Quem conhece um pouco de história do Brasil e viveu o período da ditadura militar como o autor destas mal traçadas linhas há de entender por que os militares listados nas investigações comandadas pelo ministro Alexandre de Morais não devem ser julgados na justiça militar. Quem, por outro lado, ainda é jovem e não conhece detalhes da nossa história, deve perguntar-se logo de cara: por que militares criminosos não são julgados pela justiça comum, como todo mundo?

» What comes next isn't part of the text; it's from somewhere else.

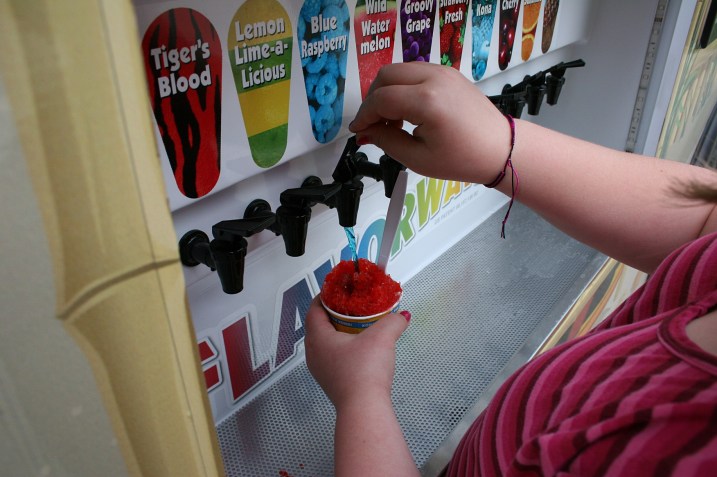Todd advises customers to count to three as they dispense flavor onto the ice, to get the right amount of flavoring.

Para começar, os militares aprendem a história do Brasil por outra cartilha, na qual são heróis ou mocinhos, têm direito a aposentadoria especial, previdência social própria, critérios de progressão profissional únicos e uma justiça para chamar de sua que não tem nada a ver com a dos pobres civis. Tudo isto é interligado de maneira que, tendo outra visão da história, vejam todos os fatos com outros olhos e aceitem toda sorte de privilégios com a naturalidade de quem entende as benesses como direito adquirido.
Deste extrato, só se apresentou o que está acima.